Remains of the abandoned Moravian mission at Hebron, Labrador
Today’s visitors to the Labrador coast are often shocked to realize the scale of Labrador: 294,330 sq km, more than twice the area of Newfoundland. And much of that is rugged mountain coastline, where the human spirit is humbled by geography rendered sublime.
The Ocean Endeavour in Eclipse Harbour, Nunatsiavut, Labrador
A mere one percent of Labrador is developed. The region’s largest city has fewer than 10,000 citizens. There are few roads in the south, and none in the north.
Ships and boats are still the best way—often the only way—to visit the extraordinary locations that dot the virtually unpopulated coastline along the Labrador Sea.
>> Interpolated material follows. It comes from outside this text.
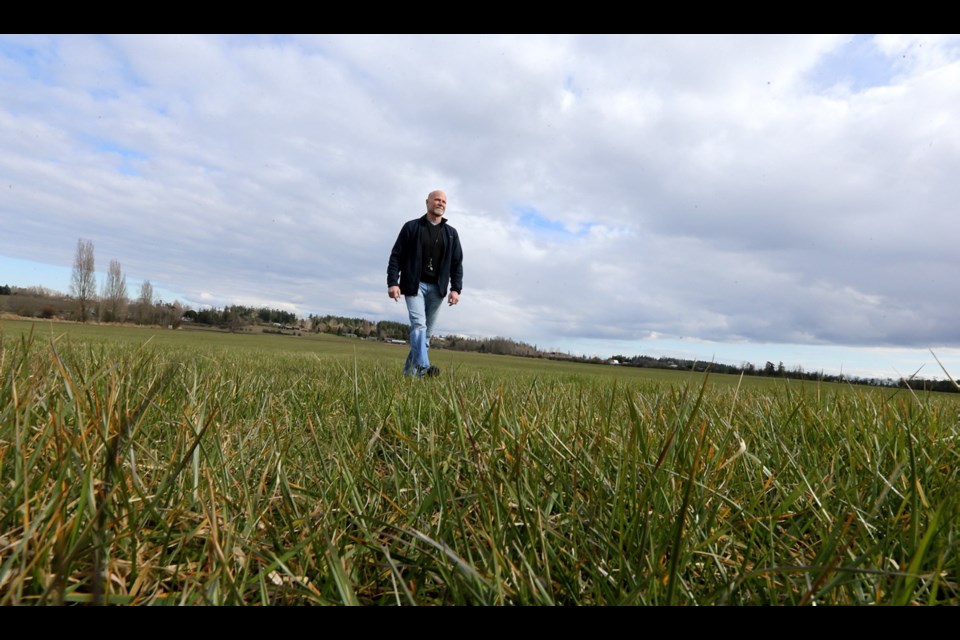 Shawn Galbraith, CEO of Evergreen Medicinal Supply, walks through the open field at the 97-acre Stanhope Dairy Farm in Central Saanich in March 2018.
Yet the biggest thing about The Big Land is the people. Hardy, thoughtful, hard-working, and welcoming, the people of Nunatsiavut are survivors—there are many hard stories here—whose hardship has not hardened their hearts.
Brass band welcome, Nain, Labrador
From the brass band playing from the wharf in Nain, to the bear guard scanning the landscape of Nachvak Fiord, to the culturalist revisiting her abandoned home at Hebron, to the grandfather welcoming his toddler granddaughter from Toronto, the people of the Labrador coast show themselves at every turn to be the most welcoming of hosts.
Among a myriad of surprises and aha! moments, that’s the Labrador revelation. Perhaps that’s what keeps travellers like Ms. Atwood coming back time and again.
Exploring Torngat Mountains National Park by Zodiac
Royal Canadian Geographical Society and Adventure Canada present , June 29-July 11, 2016.
All photographs by David Newland.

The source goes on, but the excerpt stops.